Others, he said, include the elimination of barriers to US trade and investment, and elimination of economic policies aimed at reducing poverty, as well as, encouraging private enterprise.
What Can President Buhari do? Trade diplomacy centred talks between US and Nigeria will go a long way to mitigate some of the issues if Nigerian companies are able to work around some of the challenges affecting their participation in the AGOA policy.
It is apparent that Nigeria has not been able to get the attention of Donald Trump, US president in more matters of trade. But the impending visit of President Buhari to the White House should provide more than ample time for the two leaders to discuss more trade matters than before.
With Buhari expected to display wits, as was done by Shinzo Abe, Japan’s Prime Minister, during the recent visit of Trump to Japan (Trump agreeing on some concessions during the visit), manufacturers are hoping that he would turn on the charm to get his own concessions for Nigeria and its manufactures.
Buhari has to work to get some of the produce from the country’s industrial firms that are yet to be accepted under the AGOA accord, accepted.
Abubakar said the non-acceptance had brought setback to the economy, as Nigerian manufactured goods find it difficult to get into the US market. For John Isemede, a former director-general, Nigerian Association of Chambers of Commerce, Industry, Mines and Agriculture (NACCIMA), who said although he is not condemning AGOA, there is need for Nigeria to assess how she started and where she is today to see whether to go ahead with the old system or to do some adjustments as the policy has not contributed in any way to the development of Nigeria’s economy, neither has it raised the business potential of any Nigerian entrepreneur.
In an interview with business a.m. Isemede lamented a situation whereby America dictates the price of what they buy from the exporting countries under AGOA: “If you are taking produce from Nigeria and we can’t meet your standard, you had better come and invest in Nigeria or bring your own experts to come and teach us the standard. You asked for some certain products and you have every right to determine the quality and quantity, but you don’t have every right to determine the price for what you don’t produce.

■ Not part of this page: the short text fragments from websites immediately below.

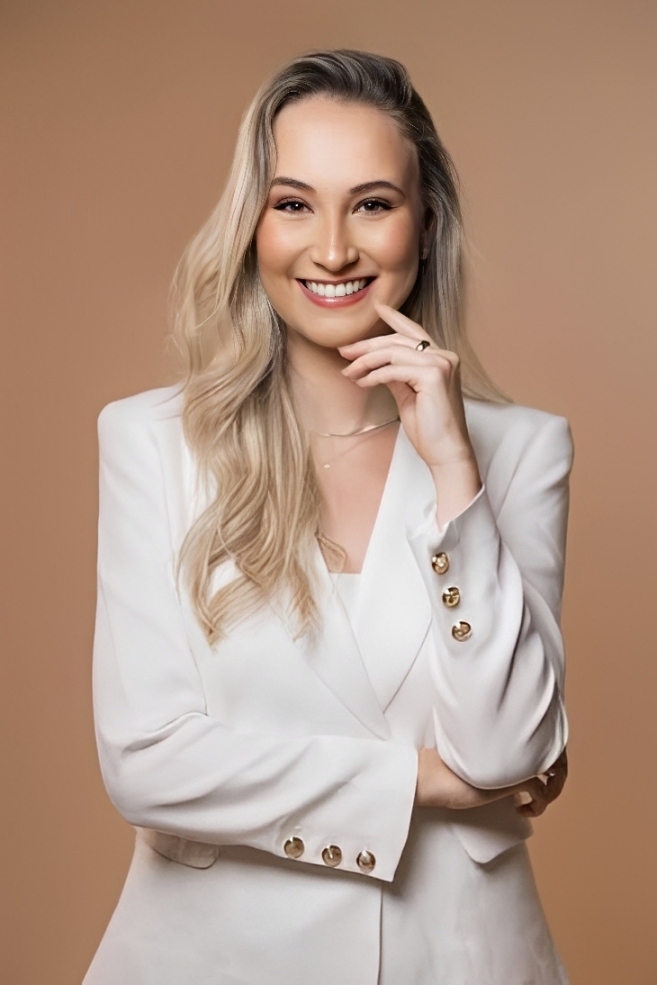 Professional portrait of Omolade Hannah, Shopify technical specialist at Benalux Digital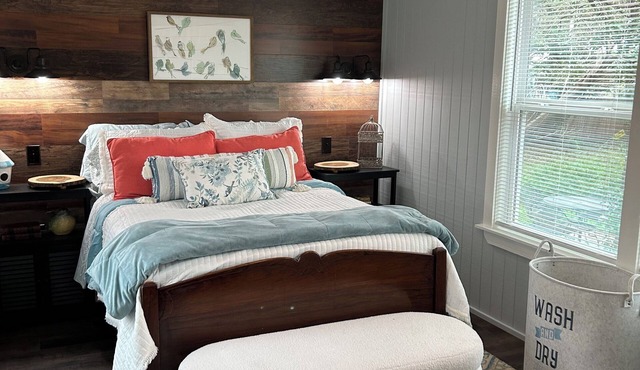 The Birds Nest -Long Term Rental Discount Available.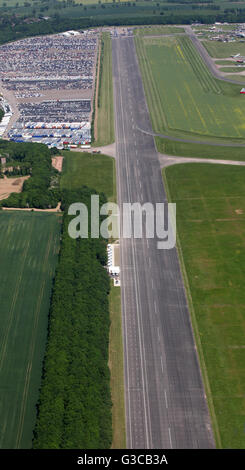 Vue aérienne de Bruntingthorpe Proving Ground ancien aérodrome dans le Leicestershire, UK Banque D'Images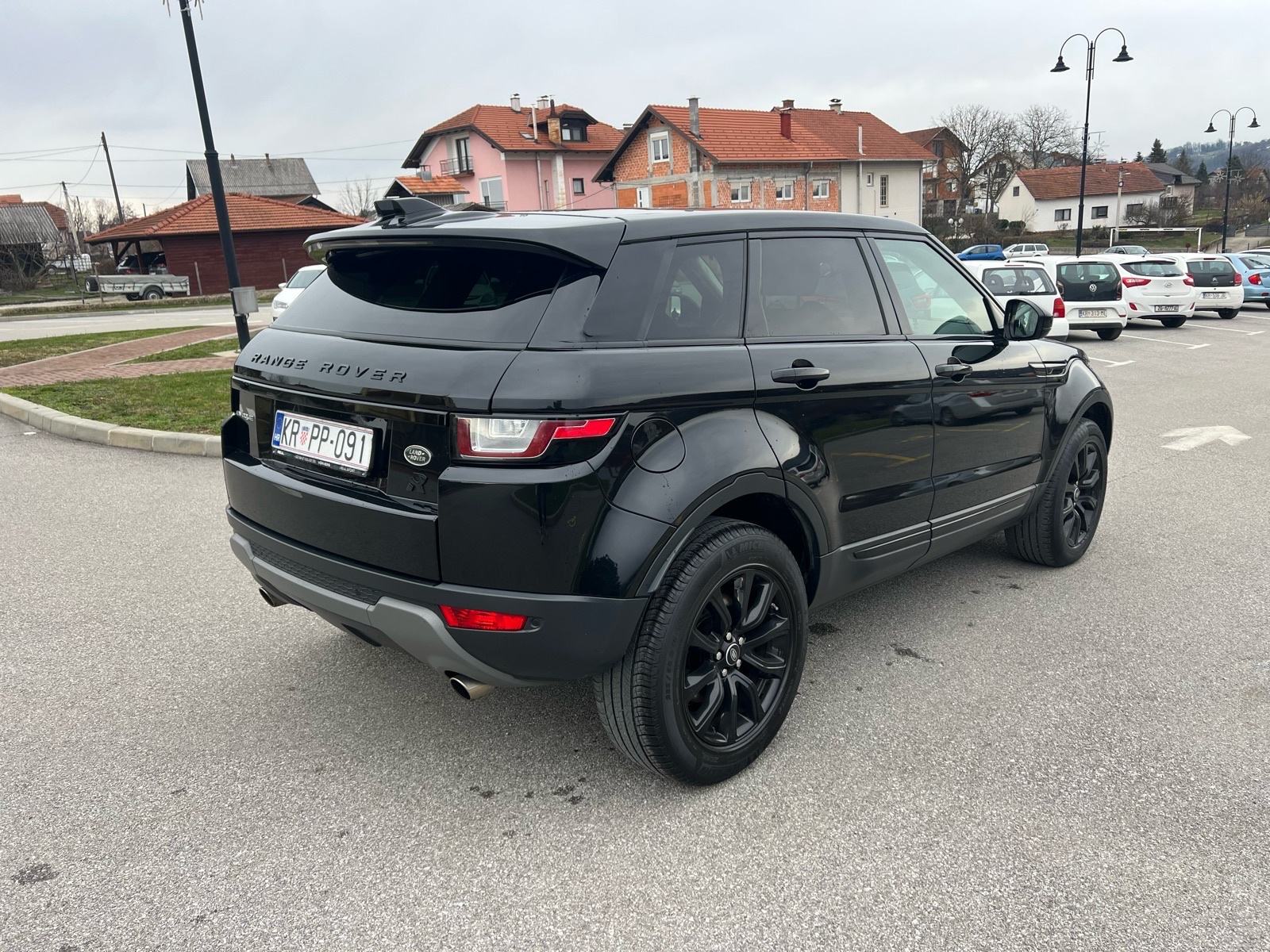 Land Rover Evoque 2,0 eD4/PANORAMA/PDC/KOZA//KAMERA/TOP STANJE!, fotografija 7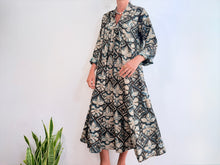 Cargar imagen en el visor de la galería, INDIGO DRESS - CREAM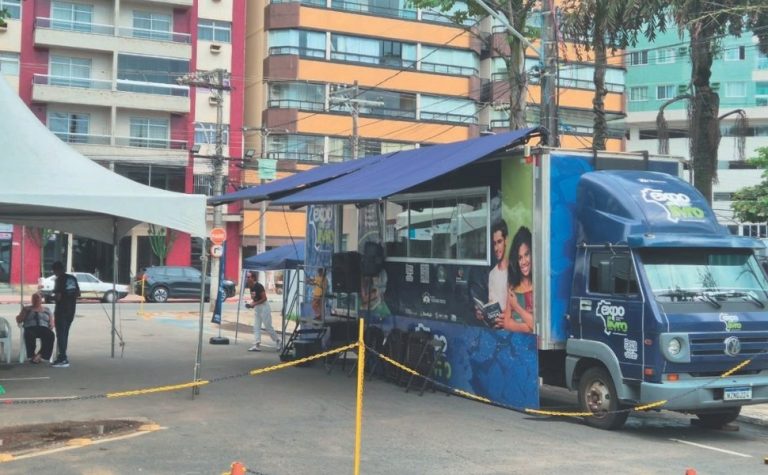 Feira literária itinerante segue até quinta-feira em Guarapari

What is the essence of determining quality when you have not even worked with our people?” He asked. It also appears that there is a systemic lack of confidence in Nigeria by the US as Ghana has more impact and trade going on under the AGOA when compared with Nigeria.
This may be due to a cutting-edge earned by having the ears of the US. This clearly shows that both countries are viewed differently by the United States.

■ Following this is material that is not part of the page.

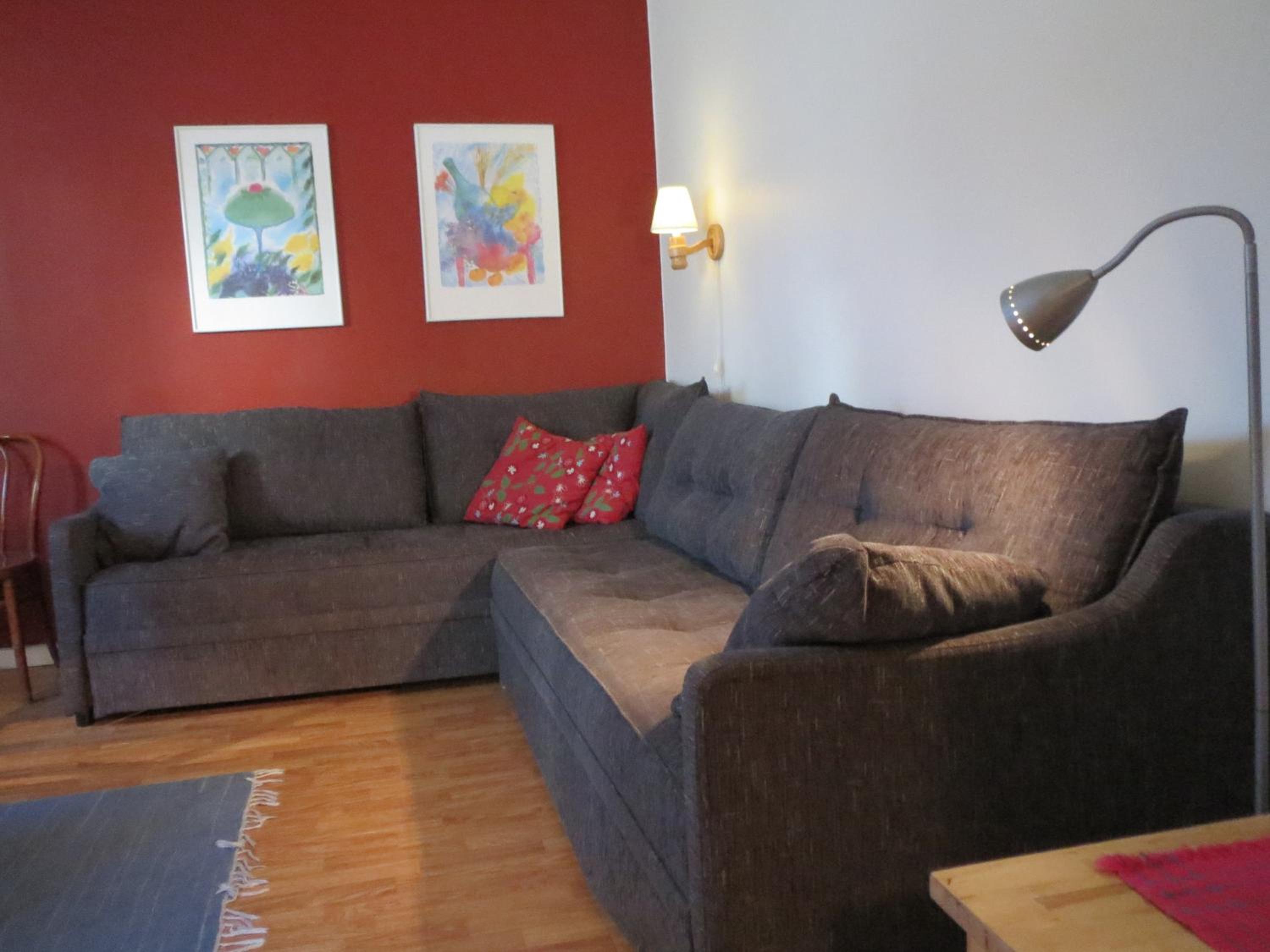 One-Bedroom Apartment photo 1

This position, say analysts, makes it even more necessary for Nigeria to work on her trade diplomacy with the US, as there is a need to work on changing the negative perception that seems to overshadow the country if she must benefit from the extension of AGOA this time.
Back home, the point is also made by international trade relations experts that the president really has his work cut out on this visit to Donald Trump.

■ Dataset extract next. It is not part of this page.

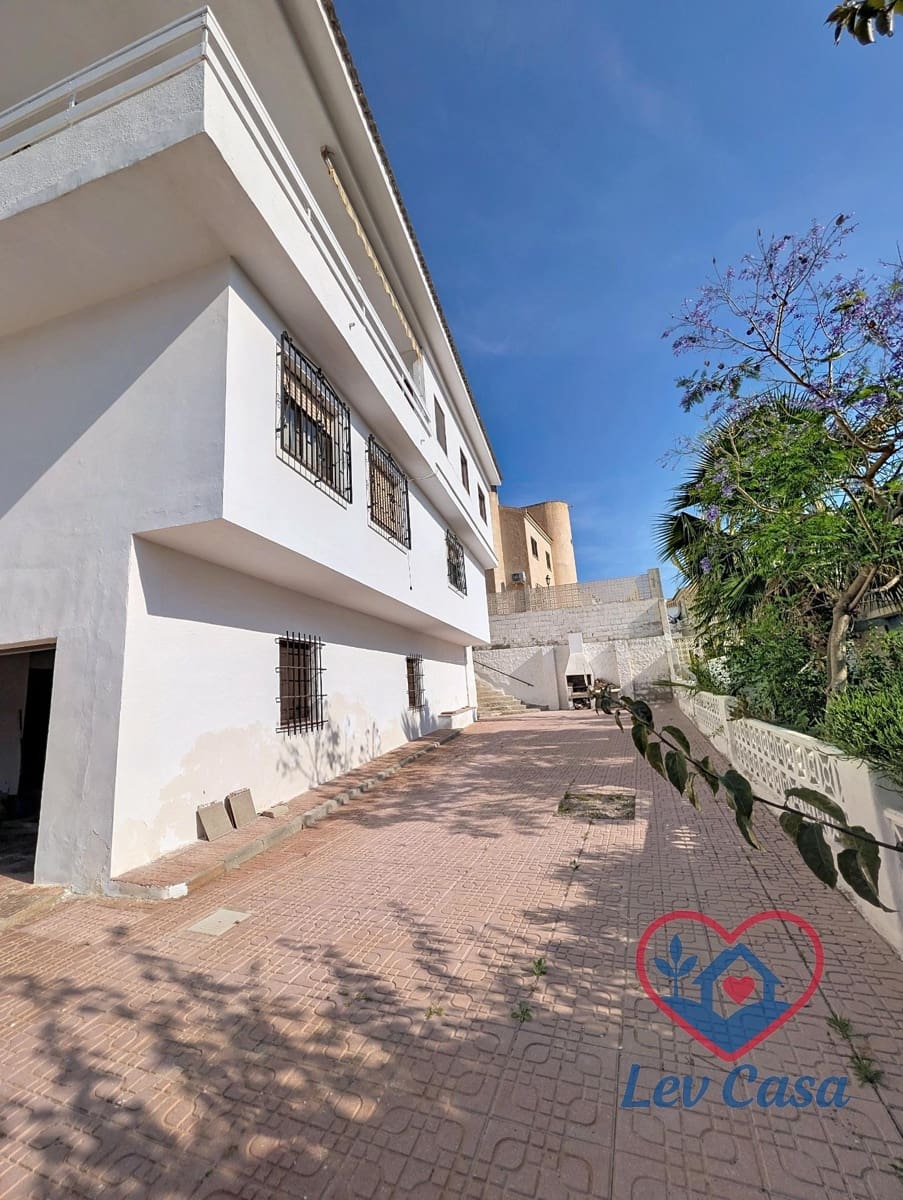 8 sypialnia Willa na sprzedaż w Calabardina z garażem - 790 000 € (Ref: 9980557)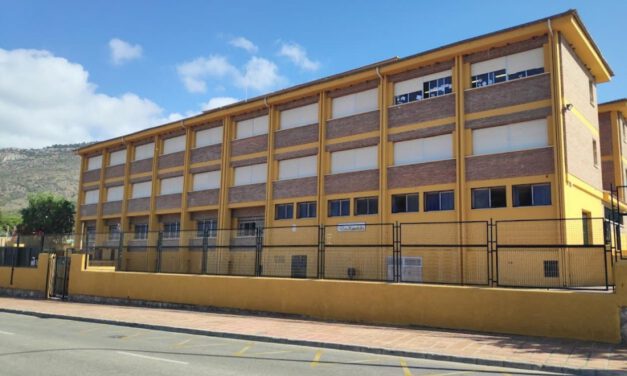 Cortan el agua en tres colegios de Alhaurín de la Torre por positivo en legionela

They say the president has to provide a system to combat corruption and bribery, protection of internationally recognised workers’ right and non-engagement in gross violation of international terrorism and activities that undermine US national security or foreign policy interest.
The importance of infrastructure, particularly power supply to manufacturers cannot be over emphasized, as it is something that has continued to dog the country, helping to push up cost of production. This has also been partly responsible for the lack of competitiveness among the country’s manufacturers, especially Nigeria’s numerous SMEs.
The U.S., however, has encouraged Nigeria to liberalize to attract greater foreign investment stating that there are many restrictions to doing business in Nigeria thwarting foreign and domestic investment.
Meanwhile, U.S. trade with AGOA’s participants has dropped since its 2008 peak almost to its pre-AGOA total, while African trade relationships with other countries, particularly China, have expanded.